Looming over the sport is the stagnant growth of the sport in Europe and Asia. The 1998 Olympics, which saw the introduction of the discipline for the first time, are well in the past, and the initial boost it gave nations like Japan and China have largely faded. In Europe, the challenges of building new arenas have allowed national federations in hockey nations to ignore the women's game: if there's barely enough ice time for the boys, they aren't interested in getting girls involved.
So while the 2011 Women's World Championship program will feature the World Championship debut of four new nations with the addition of a fifth division, no one is making measured progress towards challenging the North American lock on the sport at the top.
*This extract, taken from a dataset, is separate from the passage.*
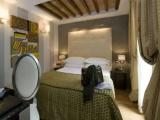 Standard Annex (Via Leonina 16) Double room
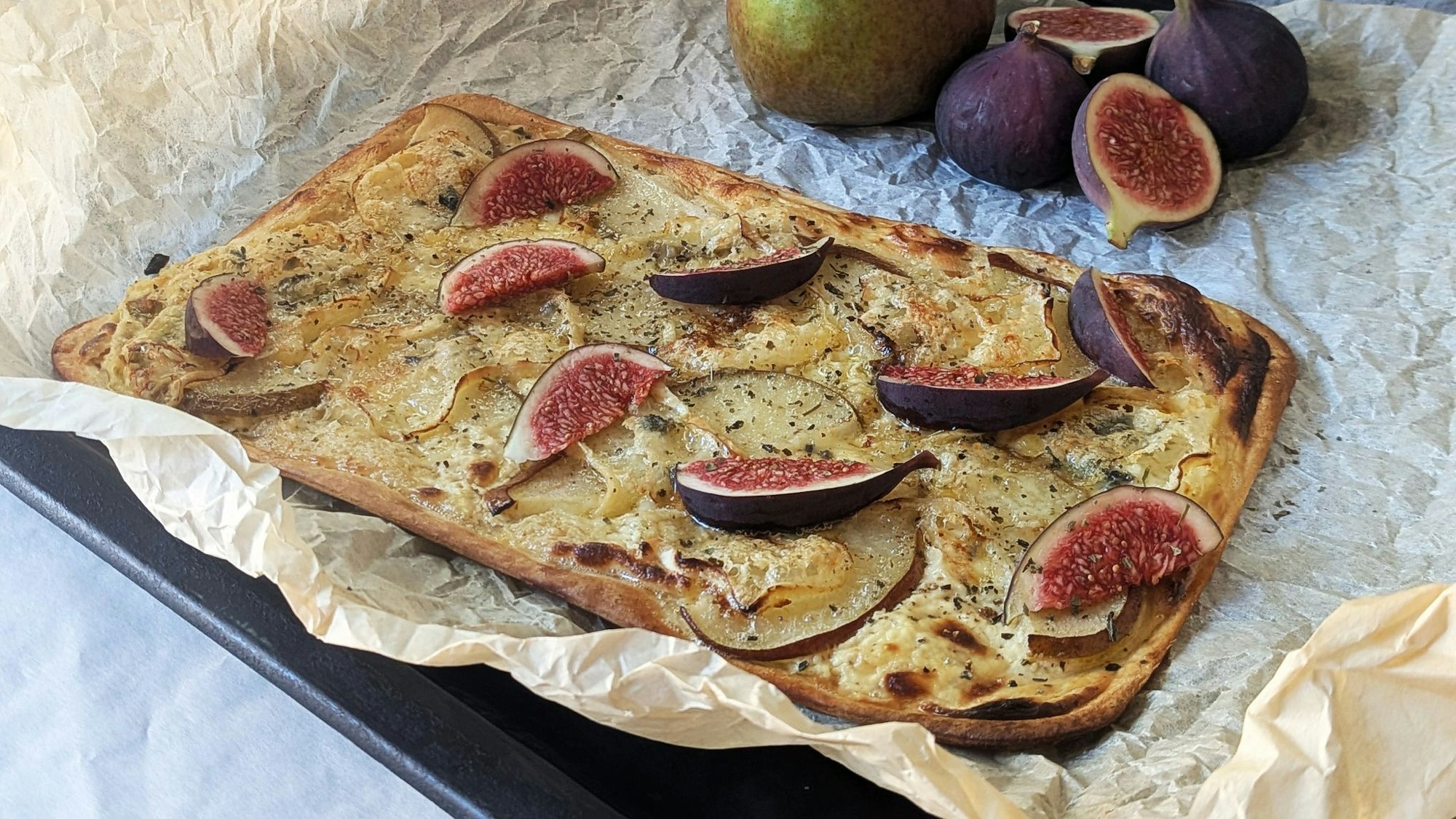 Teig belegen und ab damit in den Ofen! Schon 10 Minuten später steht der fertige Flammkuchen mit Senfcreme, Birnenscheiben und Gorgonzola auf dem Tisch.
But, it's another year, and maybe we'll see some players emerge from Europe and Asia that make us think there's progress being made. While only fourteen nations participate in the Women's Worlds U18 tournaments, thirty-seven will participate in the senior tournament. The sport needs to make noticeable gains in the coming three years, or unfairly, it could see its status as an Olympic event revoked.
Here's a calendar for the six tournaments:
As you can see, the Division 3 tournament has already taken place, as for some inexplicable reason the IIHF held a hockey tournament in Australia in early February. I can't imagine how much of a challenge that had to have been, though I'm sure the athletes loved the sun. The Division 5 tournament is ongoing right now in Bulgaria, who made their international debut in the 2010 Olympic qualifiers in late 2009, making headlines for the wrong reasons.
Unlike the men, there was no IIHF Women's World Championships last year, as they used the Olympics as the only measurement of the hockey programs last year. To see the 2010 World Ranking, check out the IIHF website here. I've cut the 2007 World Championships from the list to make this pre-2011 Ranking:
|2||United States of America||1770||Championship|
|13||Czech Republic||1315||Division 2|
|17||Great Britain||1180||Division 2|
|21||North Korea||595||Division 2|
|23||The Netherlands||545||Division 3|
|28||South Korea||150||Division 4|
|30||New Zealand||140||Division 4|
|33||South Africa||125||Division 4|
Division 3 Results: 1. The Netherlands, 2. Australia, 3. Hungary, 4. Slovenia, 5. Croatia, 6. Belgium
Division 5 Games: Poland 23, Ireland 0; Bulgaria 2, Turkey 1; Spain 7, Turkey 0; Poland 19, Bulgaria 0.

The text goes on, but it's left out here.